Project Description

EngineerRailroads! was my final project at Firaxis and one that I’ve come to appreciate a lot more as the years have passed. In late 2005 when I was assigned to the project, it was nothing more than a simple-yet-enthralling demo Sid had created that merged the basic strategy / economy game of Railroad Tycoon with the fun and aesthetic of playing with model trains.   Our challenge was to take that demo and create a polished retail product in about a year.
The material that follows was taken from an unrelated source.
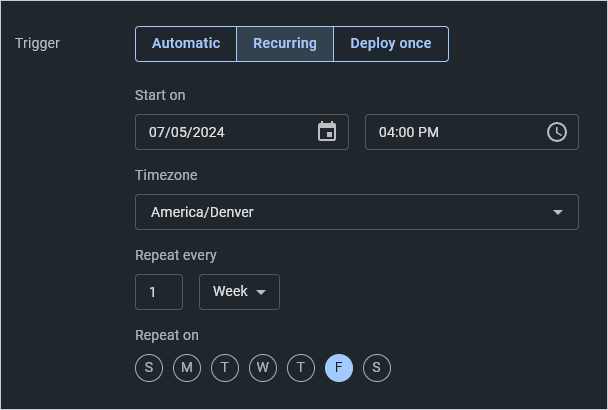 Configuring automation schedules in PDQ Connect.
As in previous projects such as Pirates!, I took on more design responsibilities on this title, putting together the basics of our scenario system, compiling the list of trains, buildings, robber barons and scenario locales to be included, and borrowing some familiar gameplay mechanics from some of our other products (the stock and patent systems were shamelessly lifted from the “Mars” prototype that eventually became Civ IV).  I also  implemented some smaller features into the game including the “train table mode” and the in-game newspapers that are displayed when key events take place.

Initially intended to be a small-scale product that helped stagger our production cycles following the simultaneous completion of Civ IV and Pirates!, interest and expectation soon began to balloon as 2K fielded a lot of press inquiries about the game, and major press events followed.  I first demoed the game at the Sony Metreon in San Francisco as a part of Sid Meier’s induction into the “Walk of Game”, then traveled to Los Angeles to present the game at E3, where it was nominated for a “Best of E3” award, and later in 2006 had the chance to demo in Leipzig, Germany at the world’s largest games show.  German gamers are passionate about their trains!
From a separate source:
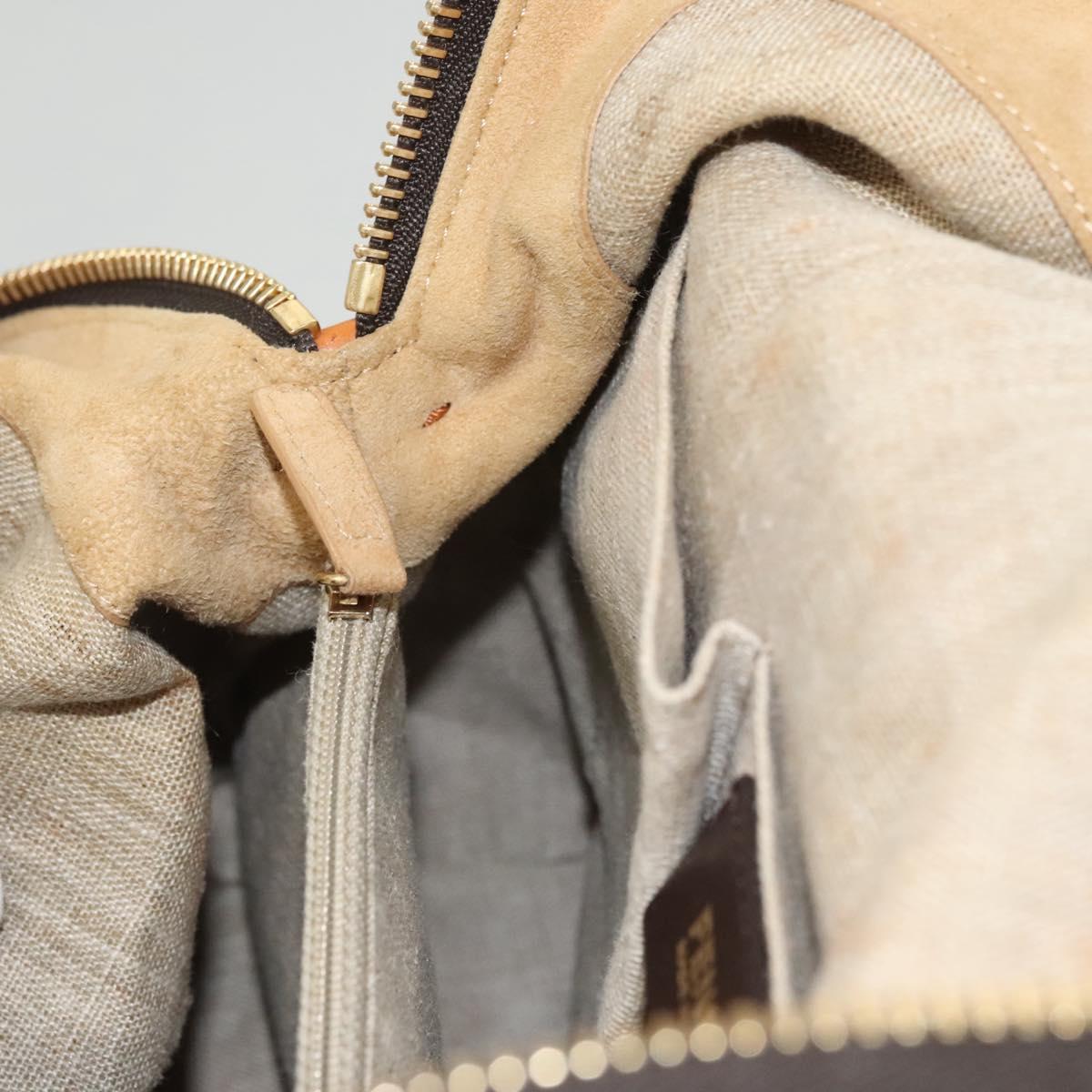 FENDI Pecan Canvas Hand Bag Brown Black Auth 124524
Looking back, we did some pretty amazing things with the game in a very short amount of time.  At the time of development, it was without question the best-looking title the studio had ever produced, and I think we nailed player experience in the core feedback loop: to this day I feel that there is a zen-like joy to being able to drag train tracks across terrain and watch the world terraform to meet your desires.   We had an amazing team, including some of the best engineers and artists I’ve ever had the pleasure of working with.


The game has gone on to become a bit of a cult hit — there are still active communities building mods and maps for the game despite a lack of real built-in mod support (we never had the resources to tackle it on this project), and the game was even ported to the Mac recently, proving that “watching the trains go by” does indeed have universal  appeal.